The town of Pawleys Island has a permit from the state Office of Ocean and Coastal Resource Management to scrape sand in front of 58 houses on the south end to rebuild the sand dune that was eroded – and in some cases flattened – by storms in October. It is awaiting a permit from the Army Corps of Engineers and it needs permission from each property owner before work can start.
The 58 houses are among 81 south of Hazard Street in the island’s Birds Nest section to the public parking lot on Pawleys Inlet. They qualified for scraping under an emergency permit because the dune or stormwater was within 20 feet of the structure. But the properties that qualify aren’t contiguous.
“Several on the south end with retaining walls are excluded,” Mayor Bill Otis said.
There will be at least five gaps in the new dune, which means water from a storm-driven tide can flow behind it and possibly undermine the emergency work. “Clearly it would be much better if they were included,” Otis said. “The state law doesn’t allow that.”
In one case, what the state agency says is a seawall that renders a lot ineligible for scraping is what Otis said is a cinder block wall under the house.
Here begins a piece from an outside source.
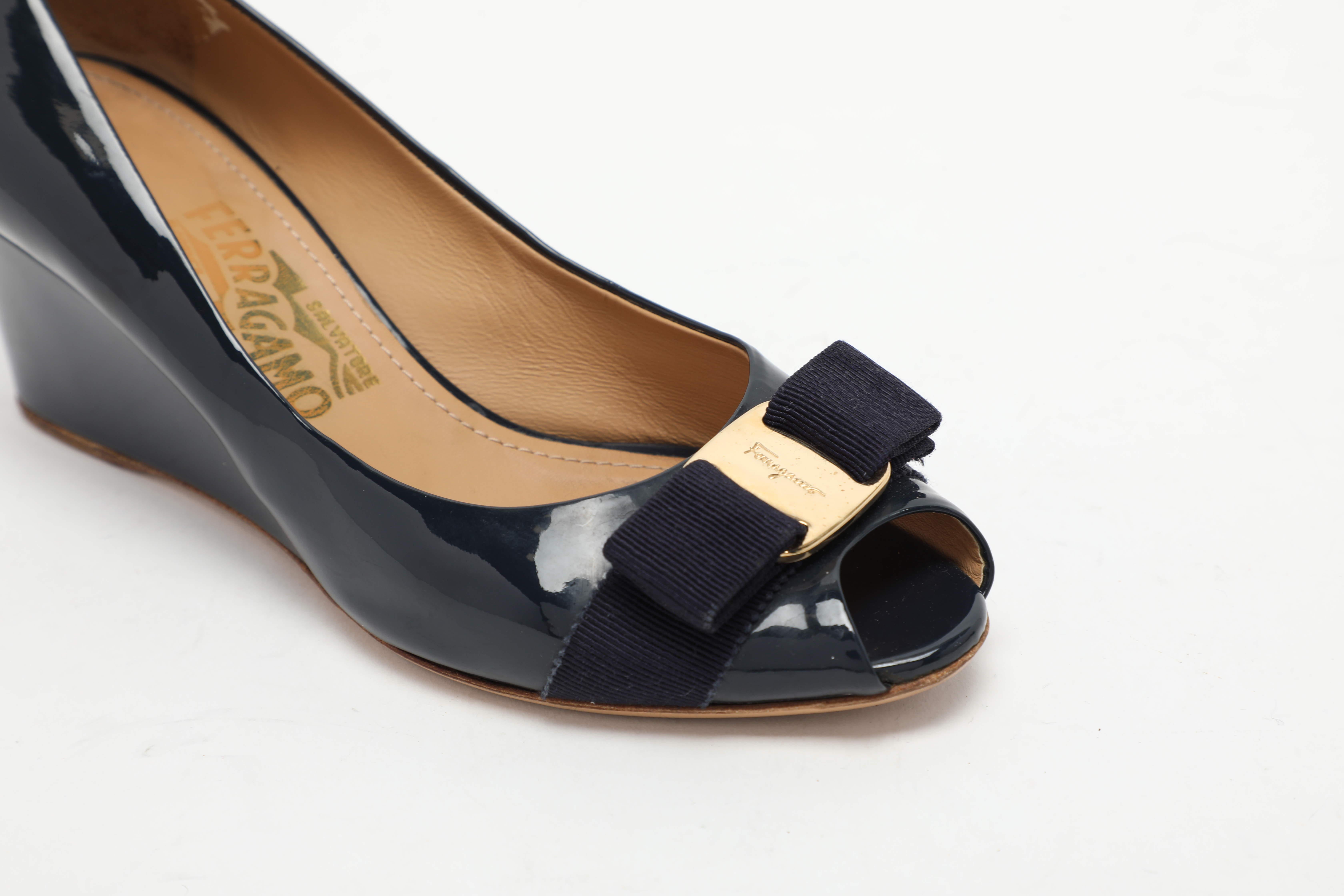 Salvatore Ferragamo escarpins Vara à talons compensés en cuir verni bleu avec nœud, taille 37,5 en vente 2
It also has a retaining wall along its driveway, but both features are outside the state’s jurisdiction, Otis said. He still hopes to get that property included.
And Otis said that state officials understand that leaving gaps in the dune isn’t a good idea. The problem, he said, is “the law and the ensuing regulations are directed at individual property owners who want a permit for them to do sand scraping in front of their houses. The law doesn’t envision 60 or 70 houses.”
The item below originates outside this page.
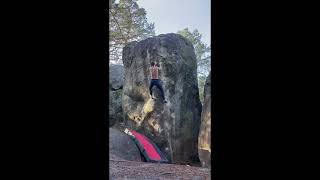 Jérémy Bonder in Le Désert des Tartares 8A Fontainebleau [upl. by Brookes]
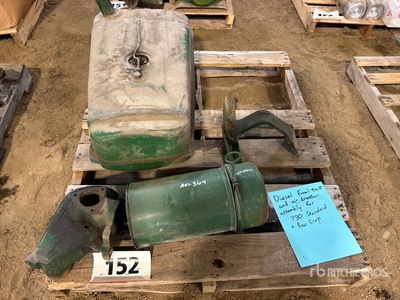 Diesel Fuel Tank & Air Breather Assembly For 730 Standard Pièces divers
Although the town hoped to have emergency work completed by now, the process stretched out as it got engineering work done to qualify for the Corps of Engineers permit. The application was submitted last week and the agency told Otis it would issue a permit within a few days. He hopes to have approval by the end of the week.
“If we got the permit from the Corps today, it wouldn’t make any difference,” Otis said on Wednesday. “The thing that’s going to hold us up is the letters from the property owners.”
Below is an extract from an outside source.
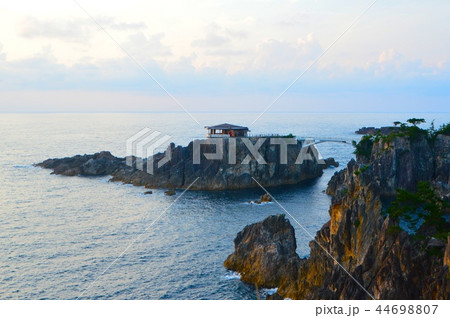 尖閣湾(佐渡島/新潟県佐渡市姫津・北狄) 尖閣湾(佐渡島/新潟県佐渡市姫津・北狄) 44698807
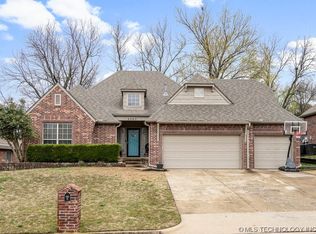 2205 Pecan Chase Cir, Claremore, OK 74017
The town sent letters in mid-December to owners of all the lots that it thought could qualify. It has only about half the letters needed to start scraping in front of the 58 approved properties.
Town Council this week approved seeking bids to have the work done. One contractor has already discussed ways to tie in the new dune with what remains of the old dune in front of the ineligible lots, Otis said. The town will pay for the work from a $5 million reserve earmarked for beach projects.
Otis now hopes to have the work done in March. Any property where owners don’t respond with permission will be skipped, he said, even if that creates more gaps in the dune.
“This has been the most frustrating three months I can remember in a long time,” Otis said.